道徳教育の大切さはだれもが認めています。けれども、それをいったいどのようにしたらよいのかについては、だれも確かな答えをもっていない、というのが今の私たちの状況であるように思われます。子どもの教育だけではありません。道徳に関して混迷しているのは、むしろ私たち大人の方かもしれません。私たちが昨年、奈良で直面した酷い事件は、単に特異な人間の異常な犯罪ではなく、多くの大人が生き方を見失っている私たちの社会の歪みの象徴ではないかと、改めて深い痛みを感じるとともに自戒します。
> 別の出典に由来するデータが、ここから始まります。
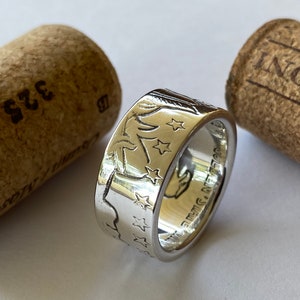 May include: A silver ring with an engraved design of stars and a bird. The ring is next to two corks. The ring has the words "GOLDEN STATE" engraved on it.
しかし、私たち大人には、育ちゆく子どもたちの先に立って歩む責任があります。そしてその責任の最前線に立ってくださっているのが教員の方々です。その教員の方々の仕事を応援するのが、奈良県道徳教育振興会議の役目です。その際、私たちは次のようなことを心がけてきました。
一つは、「あるべき」道徳や道徳教育の在り方を押しつけるのではなく、教員や保護者と学校外の社会や地域の人々とが共に考え、共に創っていく過程を大切にしたい、ということです。県内の様々な分野からメンバーに出ていただいている振興会議は、三者のコミュニケーションの一つの重要な場となり得るのではないか、と考えています。この資料もまた、そのための手がかりとして利用していただければ、と願っています。
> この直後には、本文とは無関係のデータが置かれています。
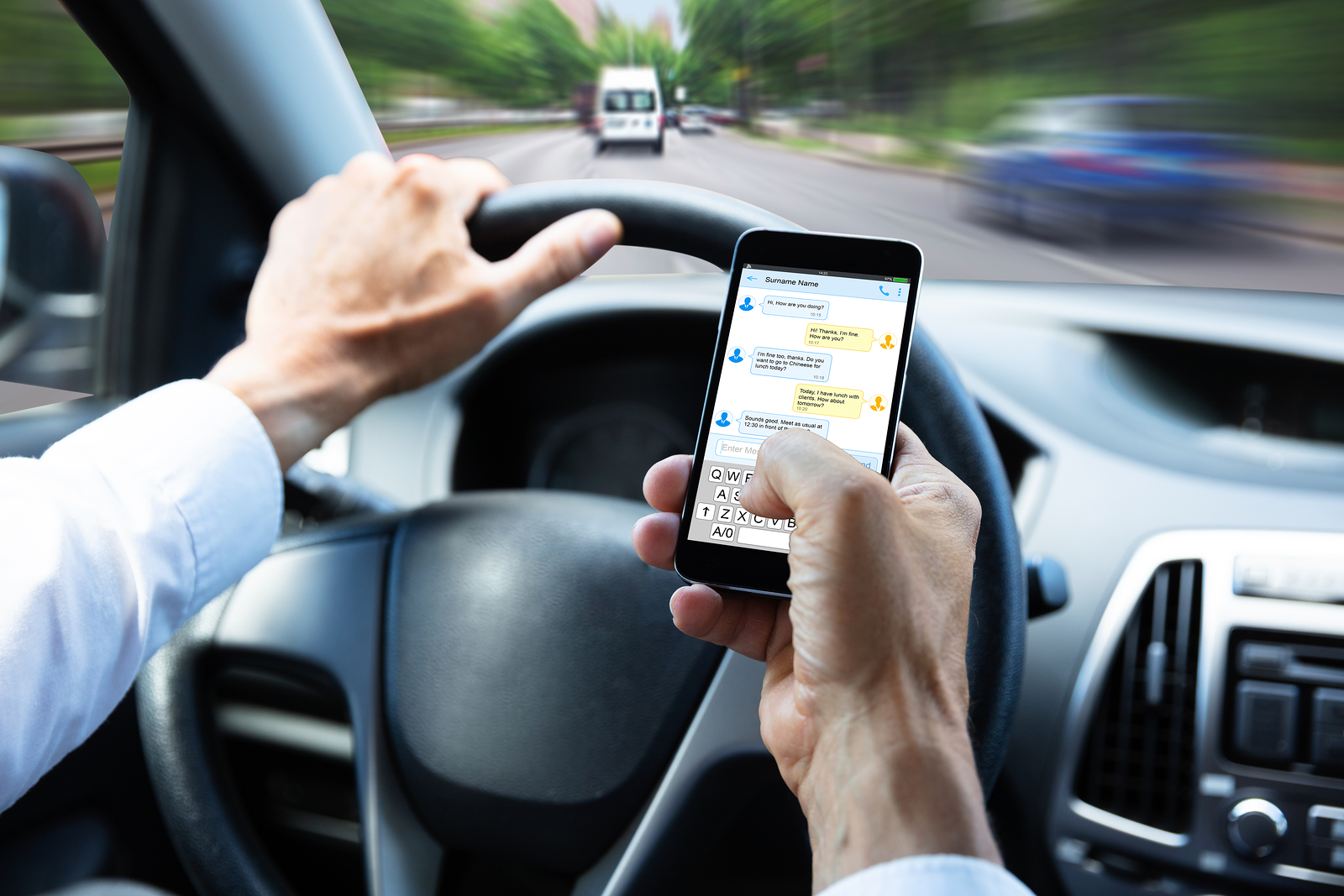 Photo of a driver texting while driving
もう一つは、子どもたちの心に本当に響く道徳教育にするためには、それが抽象的・一般的なものではなく、私たちが現にその中で生きている風土や歴史、伝統に根ざした営みでなければならないのではないか、ということです。換言すれば、私たちの奈良ならではの道徳教育の在り方を追求できたら、ということです。この資料には、そんな願いも込められています。
私は先に「混迷」と書きました。しかし、カオスは創造性の源泉でもあります。近代の日本の歴史の中で道徳教育は、各々の時代の状況と結びついて、時に大きなカタストロフィーに加担してしまったり、また時に激しい二元的な対立に巻き込まれたり、という困難な道をたどってきました。困難は今に始まったことではありません。むしろ今は、だれもが一元的な「答え」をもっていないからこそ、公共的なコミュニケーションによって私たちの新しい道徳教育を創造していく好機である、と考えます。
この資料が、そして奈良県道徳教育振興会議が、そのための一つの媒介となり得ることを、心から願いつつ。